Rendering video using Qt and opengl

vochinin · wrote on 31 Aug 2011, 16:09

Hi, everyone. I decided to post this as I spent a lot of time to find something like this when I searched before. Someone may find this information usefull as well someone may advise me how I can improve my program (Actually I am new to opengl and Qt).

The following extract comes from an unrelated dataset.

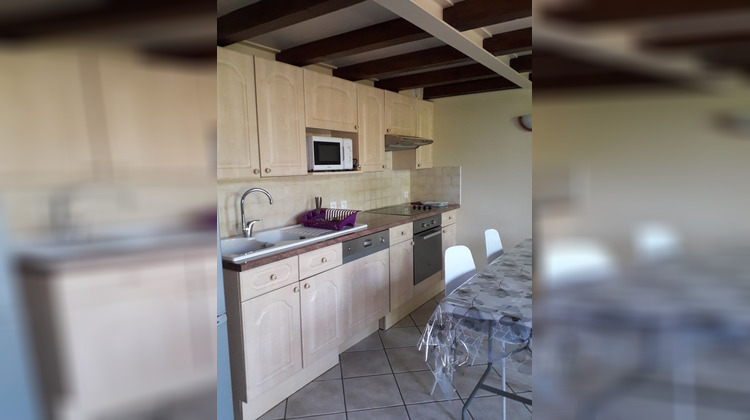 Ma-Cabane - Location Maison MILHAUD, 50 m²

The aim was to build GUI for several videocameras which communicate with desktop computer via Gigabit Ethernet. My trouble was to find a way to get and render 3 streams (25 fps) of video frames with resolution 1600x1200, 640x480, 512x512. The suggested OS was Windows and target desktop computer had rather powerfull hardware. Maybe the best way was to use DirectShow for rendering, but I found it rather difficult, so I implemented my GUI on Qt using opengl.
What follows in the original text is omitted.